## The problem
The result should be an exact copy of only the lines from the one holding "Ponta Negra Ii, Com" through the last line of the data below, please, without pictures.

[Task inputs Boundary: Start]

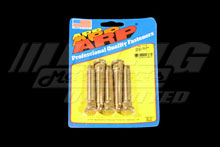 ARP Extended Wheel Studs - 4-Piece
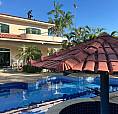 Ponta Negra Ii, Com 5 SuÍtes, Piscina, Churrasqueira , 5 Vagas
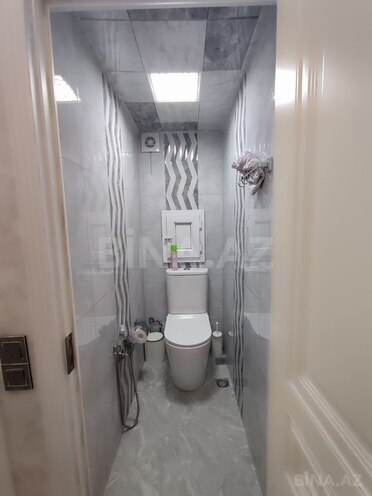 4-комн. вторичка - м. Ази Асланов - 110 м² (21)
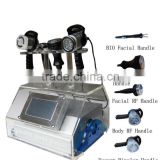 hot sale!!ultrasonic face lift machine home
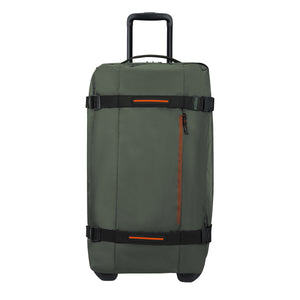 American Tourister - Urban Track 68 cm Dark Khaki Medium Duffle Bag - MD1002 - DARK/KHAKI
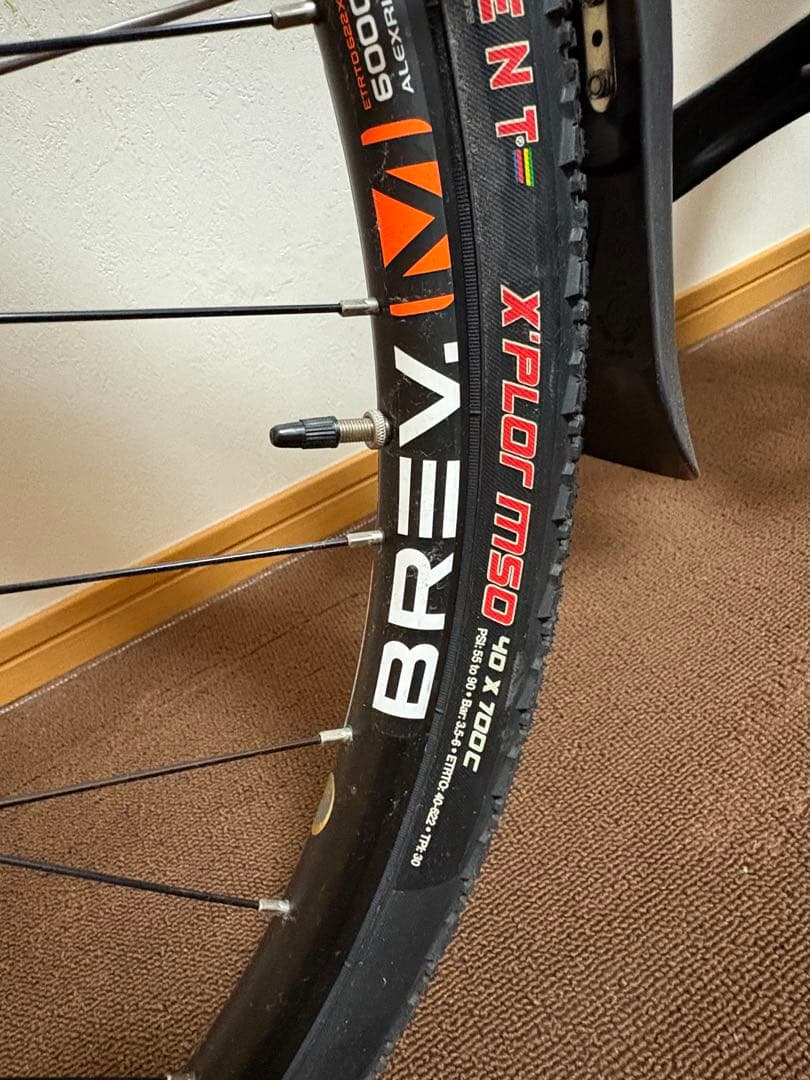 購入意思ある方コメント下さい‼️MASI 2018 GIRA MONDバックセット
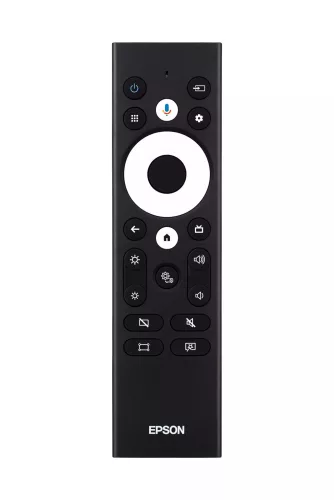 Epson EH-LS650B 4K PRO-UHD ultrarövid vetítési távolságú okos lézerprojektor 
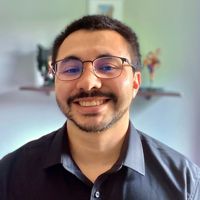 Nicolas Almeida's profile picture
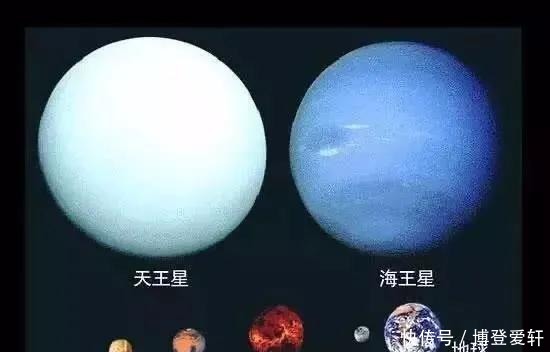 观地球在宇宙地位，我所有焦虑一扫而光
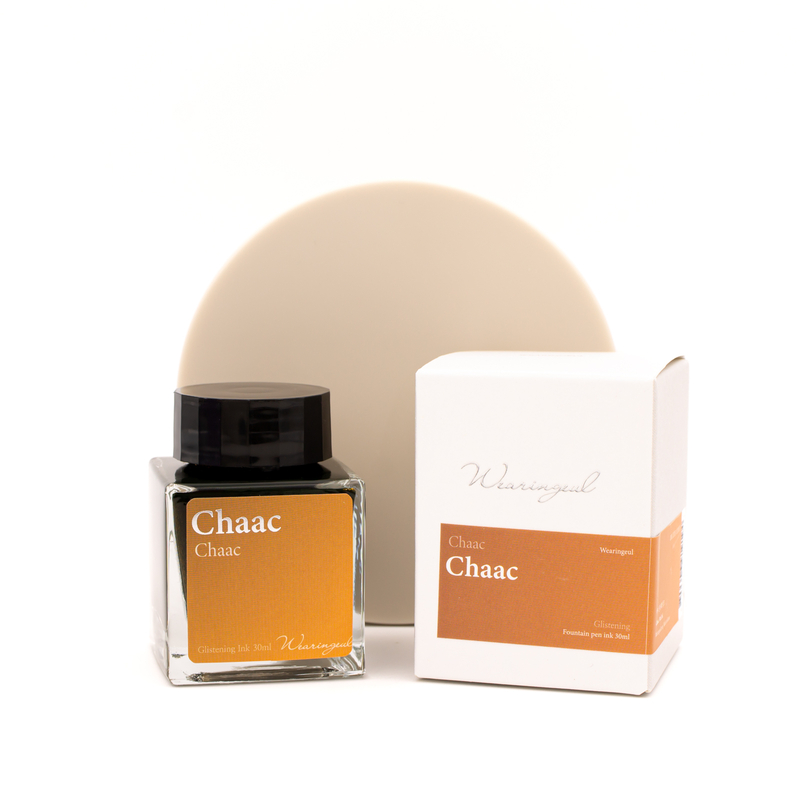 Wearingeul Chaac Inchiostro 30 ml
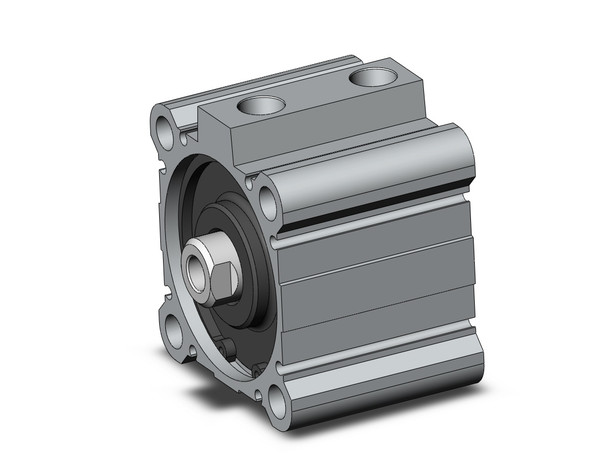 SMC CQ2A63TF-25DZ Compact Cylinder, Cq2-Z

[Task inputs Boundary: End]

## Written reply
 Ponta Negra Ii, Com 5 SuÍtes, Piscina, Churrasqueira , 5 Vagas
 4-комн. вторичка - м. Ази Асланов - 110 м² (21)
 hot sale!!ultrasonic face lift machine home
 American Tourister - Urban Track 68 cm Dark Khaki Medium Duffle Bag - MD1002 - DARK/KHAKI
 購入意思ある方コメント下さい‼️MASI 2018 GIRA MONDバックセット
 Epson EH-LS650B 4K PRO-UHD ultrarövid vetítési távolságú okos lézerprojektor 
 Nicolas Almeida's profile picture
 观地球在宇宙地位，我所有焦虑一扫而光
 Wearingeul Chaac Inchiostro 30 ml
 SMC CQ2A63TF-25DZ Compact Cylinder, Cq2-Z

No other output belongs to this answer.